George Augustus Selwyn (1809-1878)

The University of Cambridge has thirty-one Colleges, but few of these are named after any of their distinguished alumni.  Selwyn College is an exception.  It bears the name of one of the great ecclesiastical figures of the 19th-century. George Augustus Selwyn founded the New Zealand Church and became the country’s first Bishop. After his death, his friends and colleagues founded Selwyn College, Cambridge, in his memory.

Early life of George Selwyn

George Augustus Selwyn (1809 – 1878)            First Bishop of New Zealand

George Augustus Selwyn was born at Hampstead in 1809, the second son of William Selwyn, an eminent constitutional lawyer. His education began at a preparatory school at Ealing, He was a contemporary of the theologian and poet, John Henry Newman, who later became a Roman Catholic Cardinal.

Selwyn continued at Eton College, where he began his lifelong friendship with William Gladstone, who became Prime Minister.  Gladstone and other friends were to become influential promoters of his cause in both New Zealand and Melanesia.

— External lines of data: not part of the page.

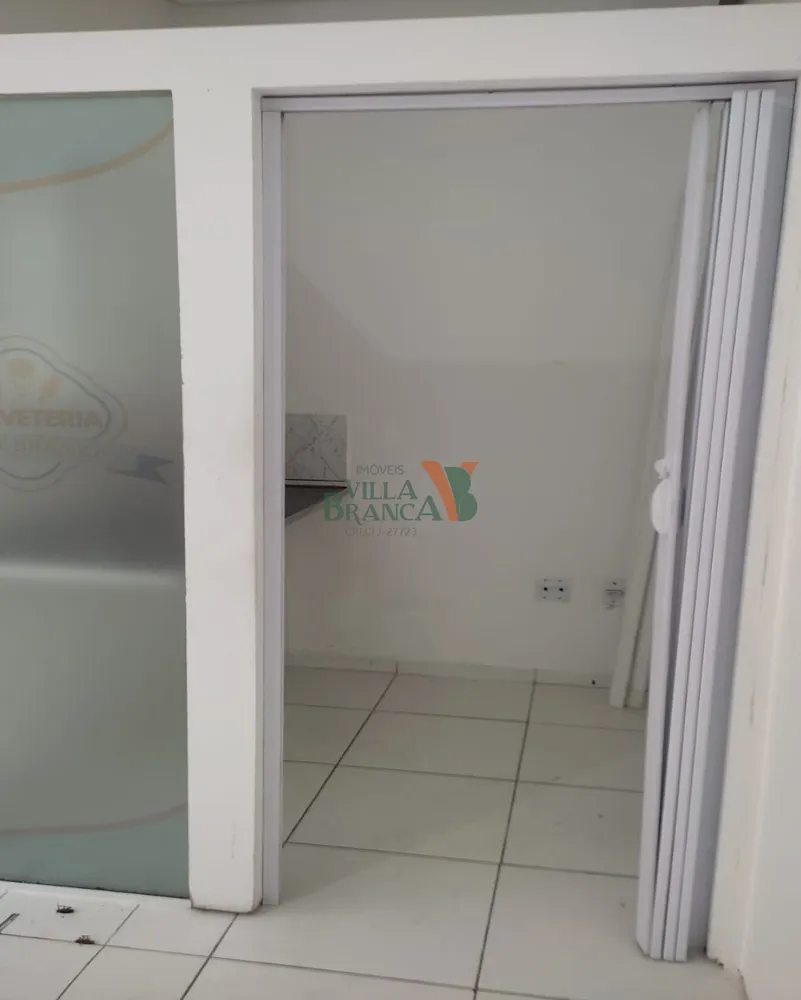 Sala-Conjunto - Foto 1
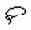  Painting Cursors  Other Cursors
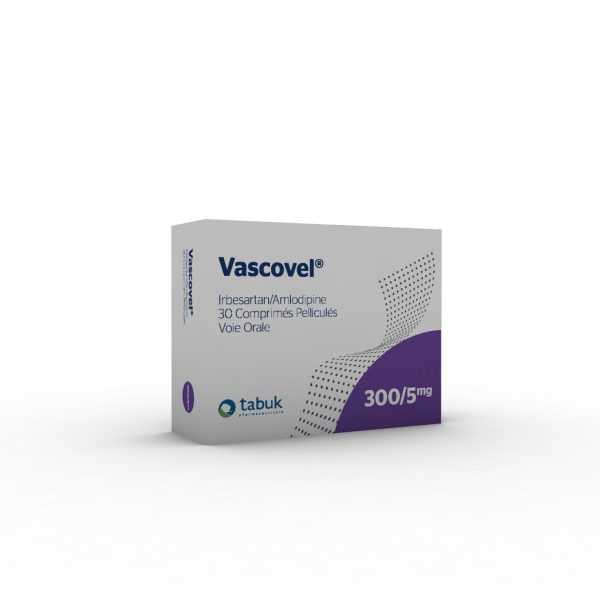 VASCOVEL - Image 3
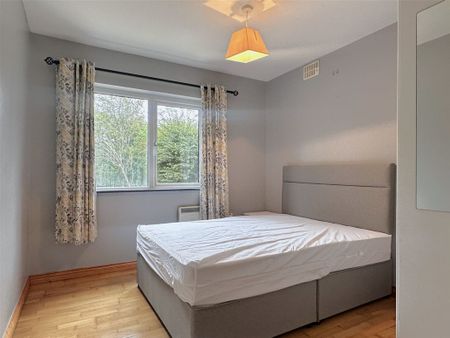 25 Garran Ard, Doughiska, Galway - Photo 5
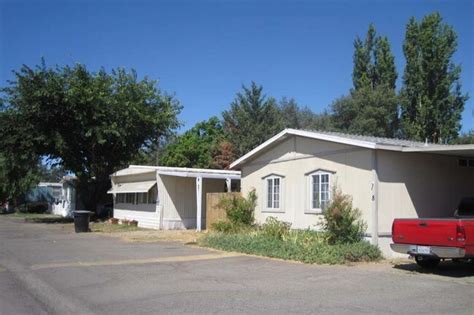 twin cypress mobile home park rentals knights ferry ca apartmentscom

Selwyn entered St John’s College, Cambridge, in 1827, where he studied Classics. He was an expert oarsman and represented the University in the inaugural Oxford–Cambridge boat race in 1829.

Elected a fellow of St John’s, he later became a Doctor of Divinity. His ordination took place in 1833 and he became curate in Windsor. He continued to be a fellow of St John’s.

Selwyn’s career

In 1840 New Zealand came under British jurisdiction.  The following year, Selwyn aged just 32, became the country’s first Bishop. Together with a missionary party of over twenty people, he set sail from Plymouth late that December.

At this time, New Zealand was facing growing tension between white settlers and Māori over the disputed purchase of land.  Within a few years, local armed conflicts began to break out across the country. These Land Wars continued until 1872.  Against this challenging background, Selwyn set out to establish an inclusive church.

During his voyage, he studied the Māori language with the help of a Māori boy who was returning from England. By the time he arrived in New Zealand, he had mastered the art of navigation and become a competent mariner.

He undertook coastal passages in ill-charted waters, as well as ocean voyages to Melanesia. One sailor commented that ‘to see the Bishop handle a boat was almost enough to make a man a Christian’.

Selwyn’s relationship with the Māori

As Selwyn toured the islands and met the Māoris, he spoke with them in their own language. He supported Māori rights, and readily championed their cause against the white settlers and their unjust land acquisition practices.  This led to bitter hostility from many settlers, who accused him of being disloyal to the Crown. During the Māori War of 1855 he acted as peacemaker.

He gathered many new congregations in the Pacific islands of Melanesia. Yet, he was a modest, unassuming man.  On one occasion, he actually slept in a pigsty in an attempt to achieve a peaceful negotiation. The Māori had set out to humble him.  So, when he arrived as an ambassador, they assigned him to the sty.  Rather than lose the opportunity for a successful outcome, he calmly gathered herbage from nearby and made his bed there.

Later, in an attempt to destroy the Māori aspirations of autonomy and self-determination, British and colonial forces invaded Waikato in 1863–64.  Selwyn unwisely became chaplain in General Cameron’s army. As a result,  he severely damaged his own standing and that of the church among many Māori.

Shaping the structure of the Church

Selwyn understood the corporate nature of the newly growing Church in New Zealand and believed that it should be governed independently from the State.  Moreover, he wanted to remove any excessive restraint and influence from the Church of England within the colonial setting of New Zealand itself.

Eventually, Selwyn established his diocese and developed a carefully thought-through framework for its self-governance.  Other overseas dioceses adopted his model.  Thus, his work began to shape the transformation of Anglicanism from State Church to a worldwide communion during the nineteenth century.

Selwyn returned to England to take part in the first worldwide Lambeth Conference of Anglican Bishops in 1867.  While he was there, he reluctantly accepted the Bishopric of Lichfield at Queen Victoria’s request. He died in 1878 and is buried in Lichfield Cathedral. Some historians believe his final words were in Māori, They mean ‘It is all light’.

George Selwyn’s legacy

Selwyn is regarded as one of the founders of New Zealand. At the time of his death, there was a move to strengthen the Anglican presence within the University of Cambridge.  His friends and colleagues set up a fundraising committee in his memory.  Within four years, they had raised enough public funding to found Selwyn College in honour of his remarkable work.

But, there was still one more bridge to cross. The University Council had refused to accept the new college as part of the University on the grounds of its explicitly Christian mission.

Fortunately, the first Master of Selwyn happened to be related by marriage to the Liberal Prime Minister William Gladstone.  Arthur Lyttelton was able to use his influence and diplomatic skills to persuade the University to allow affiliation.

A year later, Selwyn’s son, John, became the second Master of the College.  Later, he followed his father as Bishop of Melanesia.